Using Airbnb On a Career Break
When I took my first career break to New Zealand in 2003, a frayed Let’s Go, a pre-paid phone card, and word-of-mouth recommendations were my go-to resources for finding and booking budget accommodations on the road.
Oh, how the world has changed
Ten years later, my iPhone and the Airbnb app were my digital lifelines as I hopscotched around South America. During three months of travel in Brazil and Argentina between August-November 2013, roughly half of my nights were spent sleeping in Airbnb-booked apartments, homes, and even boats (yes boats!).

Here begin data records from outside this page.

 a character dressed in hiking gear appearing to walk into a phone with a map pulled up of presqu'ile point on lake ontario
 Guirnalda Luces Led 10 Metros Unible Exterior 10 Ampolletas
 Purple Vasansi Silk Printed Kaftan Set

If you’re not already familiar with Airbnb, it’s Web-based service that makes it possible for travelers to rent out accommodations in the homes of everyday people, all around the world.
As a college student and even into my 30s, I was game to be scrappy and stay in 20-person-deep hostel dorm rooms. Those days are over. As a 40-something solo female traveler, I now value safety, quiet, a room of my own, and a delicious breakfast. I’m also more interested in meeting locals than consorting with other travelers. Airbnb helped me find all of these things in a one-stop shop.
Tips for using Airbnb
Getting up to speed with using Airbnb took some trial and error. As I navigated my way through the innards of researching and booking Airbnb accommodations, I adopted some hard-won strategies. Here’s my five cents:
All those satisfied customers can’t be wrong – Airbnb listings include the number and quality of reviews for each property. Pay attention. If dozens of people are saying “Run, don’t walk, and book this mountain yurt pronto. Avail yourself of host Yuri’s home-cooked breakfast sourced with eggs from his backyard hen house,” then do not delay.

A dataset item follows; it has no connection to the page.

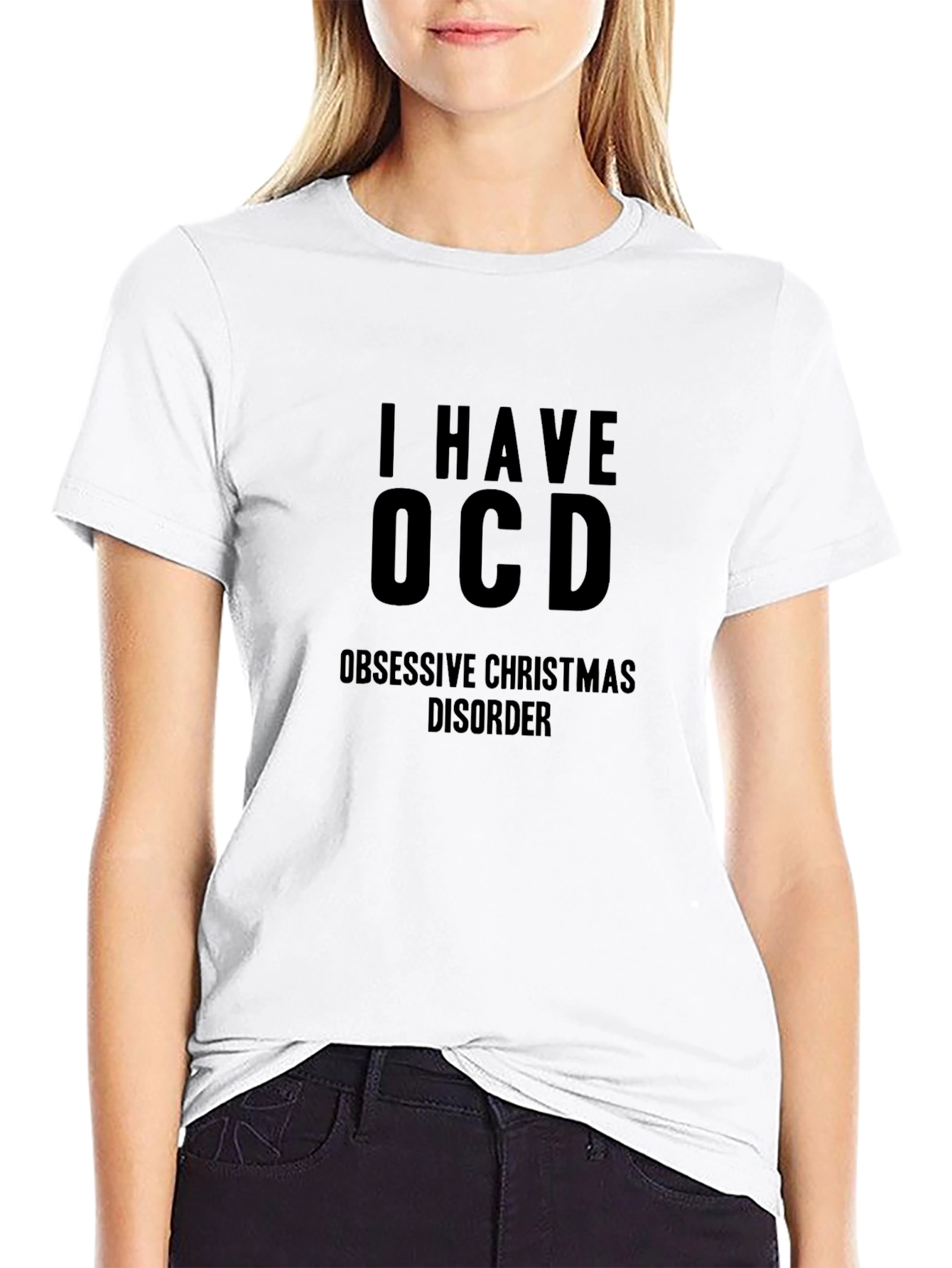 I Have OCD Obsessive Christmas Disorder Black Tee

I placed a premium on choosing places that many, many other travelers had liked. I learned this lesson after a few mediocre stays that were newer to the Airbnb marketplace. I encountered other travelers who’d adopted the opposite strategy. They were like Airbnb versions of urban pioneers who sought out listings with little to no reviews. They used this as a leveraging point for negotiating the listings rate which brings me to my second tip…

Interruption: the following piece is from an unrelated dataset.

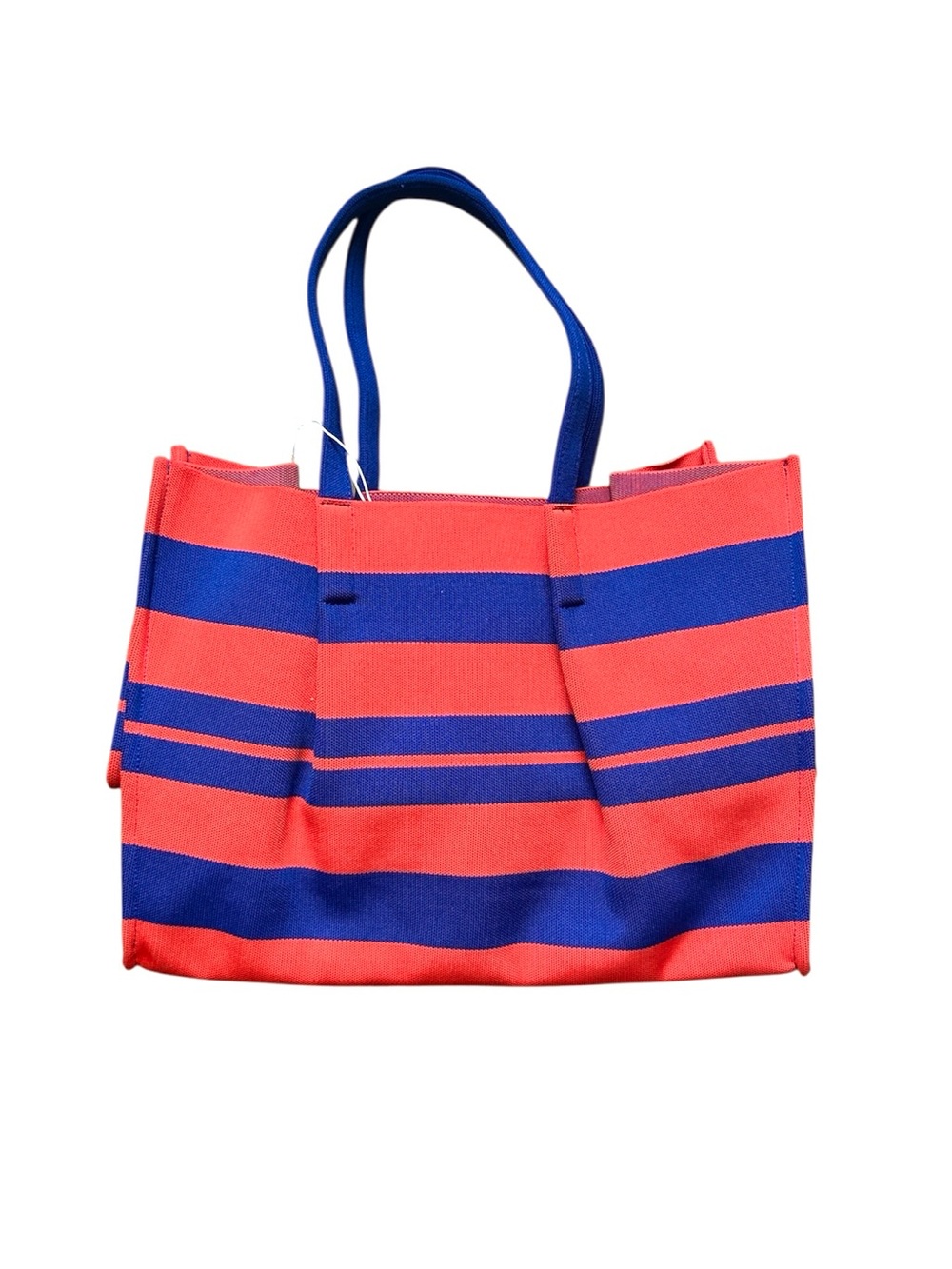COS Striped Coral and Blue Market Tote Bag Large NWT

Yes, you can negotiate – If you see a place that’s out of your budgetary reach, consider inquiring with the host about a discount. It didn’t occur to me to do this until I actually met an Airbnb host who’d negotiated a steep discount on a newly-listed Airbnb apartment in Rio with a rooftop pool. The Rio host was more than amenable to reducing his rate and making what’s called a “special offer” in Airbnb parlance, so that he could attract more guests and slowly build a cache of positive reviews.
As my own travels progressed (and my travel budget slunk lower), I negotiated discounts with hosts on occasion. If you’re planning to stay in a particular Airbnb location for a week or longer (and the host hasn’t posted a weekly or monthly rate on the listings page), definitely inquire about a reduced rate for your longer-term stay.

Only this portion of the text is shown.